Well if I use the hood it would just sit on top of the critter keeper lid.
I do not want to risk it dropping in of course.


----------



## laughing (Mar 12, 2011)

My point is that depending on the bulb it CAN melt the lid or will heat the water up... My 2.5's lighting gets hot, and heats up their water FAST. I'll have to switch out their bulbs to something more appropriate. (Flourescent, low heat, 6500k spectrum with some color.)


----------



## bettafish15 (Oct 3, 2010)

You could use a small, stylish lamp.


----------



## laughing (Mar 12, 2011)

bettafish15 said:


> You could use a small, stylish lamp.


That's my suggestion.. can choose an appropriate bulb, is fixated elsewhere, won't produce excessive heat to the tank, can be placed far enough away so it isn't hazardous.. etc,etc.. :thumbsup:


----------



## Aluyasha (Sep 2, 2010)

I will look into the lamp idea. 
I tried a lamp once before a while ago and it was really bright and made algea grow everywhere. lol


----------



## Tikibirds (May 26, 2011)

I have a desk lamp with one of those bendable necks, so i just position it above the flap part


----------



## Leeniex (Aug 14, 2011)

I keep my kritter keeper next to a table lamp, not too bright that it annoys Rex, but I can still see him well.


----------



## Myates (Aug 2, 2011)

I use desk lamps with max 40watt bulbs on mine. A little warmth, but it doesn't really affect the temp, nor will it heat the lid too much. I use seran wrap taped over the top with holes in it to keep in the humidity to help the labyrinth organ and 40w and under has no effect on it, melting wise.


----------



## ksage505 (Sep 19, 2011)

http://www.amazon.com/Lee-Kritter-Light/dp/B0002APZNA/ref=sr_1_9?ie=UTF8&qid=1319733599&sr=8-9

Lee makes a light specifically for the kritter keepers.


----------



## Leeniex (Aug 14, 2011)

ksage505 said:


> http://www.amazon.com/Lee-Kritter-Light/dp/B0002APZNA/ref=sr_1_9?ie=UTF8&qid=1319733599&sr=8-9
> 
> Lee makes a light specifically for the kritter keepers.


I never knew that, lol.


----------



## Sakura8 (May 12, 2011)

If you have a Penn-Plax New World Habitat as your Kritter Keeper, you can get the New World ThermaLight that fits onto the clear plastic flap. But from the looks of it, your kritter keeper is not a Penn-Plax. In that case, this might be your best bet. I've looked at it in the store and as near as I can tell, you stick this light on the tank wall INSIDE the tank. It won't be super bright but it does come in a variety of colors so you can get more than one. 
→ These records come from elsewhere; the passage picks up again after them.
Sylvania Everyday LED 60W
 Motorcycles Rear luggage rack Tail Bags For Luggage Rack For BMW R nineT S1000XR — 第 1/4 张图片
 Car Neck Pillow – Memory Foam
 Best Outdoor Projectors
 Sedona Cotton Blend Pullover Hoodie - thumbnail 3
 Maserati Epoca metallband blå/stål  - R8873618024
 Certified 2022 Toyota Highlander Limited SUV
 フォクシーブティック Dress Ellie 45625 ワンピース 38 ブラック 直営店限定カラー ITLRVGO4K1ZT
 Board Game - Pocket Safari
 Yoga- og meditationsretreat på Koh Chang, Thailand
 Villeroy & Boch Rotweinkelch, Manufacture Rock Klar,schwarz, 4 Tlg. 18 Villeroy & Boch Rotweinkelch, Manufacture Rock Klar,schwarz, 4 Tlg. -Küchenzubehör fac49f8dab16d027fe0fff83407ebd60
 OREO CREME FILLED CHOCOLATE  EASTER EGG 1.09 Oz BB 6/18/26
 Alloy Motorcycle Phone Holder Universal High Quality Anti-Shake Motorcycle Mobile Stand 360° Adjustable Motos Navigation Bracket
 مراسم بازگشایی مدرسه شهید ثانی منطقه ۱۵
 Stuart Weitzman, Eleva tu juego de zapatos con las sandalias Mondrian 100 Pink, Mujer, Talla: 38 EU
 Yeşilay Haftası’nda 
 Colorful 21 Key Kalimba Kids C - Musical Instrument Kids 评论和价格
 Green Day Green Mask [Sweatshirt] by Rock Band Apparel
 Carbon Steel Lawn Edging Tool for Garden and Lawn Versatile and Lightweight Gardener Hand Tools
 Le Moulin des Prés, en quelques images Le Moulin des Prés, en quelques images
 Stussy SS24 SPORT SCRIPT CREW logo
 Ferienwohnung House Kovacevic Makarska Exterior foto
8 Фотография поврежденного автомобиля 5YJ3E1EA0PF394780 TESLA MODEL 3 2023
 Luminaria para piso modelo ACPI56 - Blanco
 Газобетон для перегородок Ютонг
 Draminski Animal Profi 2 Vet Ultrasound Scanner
http://www.petsmart.com/product/index.jsp?productId=2753104

If you google Marina Micro LED lights, you can find some images of how it's used in the tank.


----------



## Laki (Aug 24, 2011)

I didn't know Lee's made led lights!! I just have a desk lamp propped up on bamboo stairs (they're actually floor samples) and I bed the light straight down over the water. The KK cover, being all holey as it is, diverts and blocks a lot of the light so it is not too bright. The bulb I have is 60W and while it warms the top of the KK it doesn't change the water too much if at all.


----------



## Aluyasha (Sep 2, 2010)

Ooo, a critter keeper light? I will look into one of those. 

Can you buy one from a petstore or are they only online?


----------



## ksage505 (Sep 19, 2011)

I have no idea, I just saw it online. You could probably just call your local petstores and ask if they have it. Maybe even try walmart, I know my walmart has kritter keepers with the rest of the fish aquariums.


----------



## TielBird101 (Sep 15, 2011)

I'm using a clip on lamp. : You know, the type you see sold for dorms? The lid diesn't fit on completely with the lamp there, so I bought some needle art canvases and cut it to the size of the top of the tank so the fish can't jump out.


----------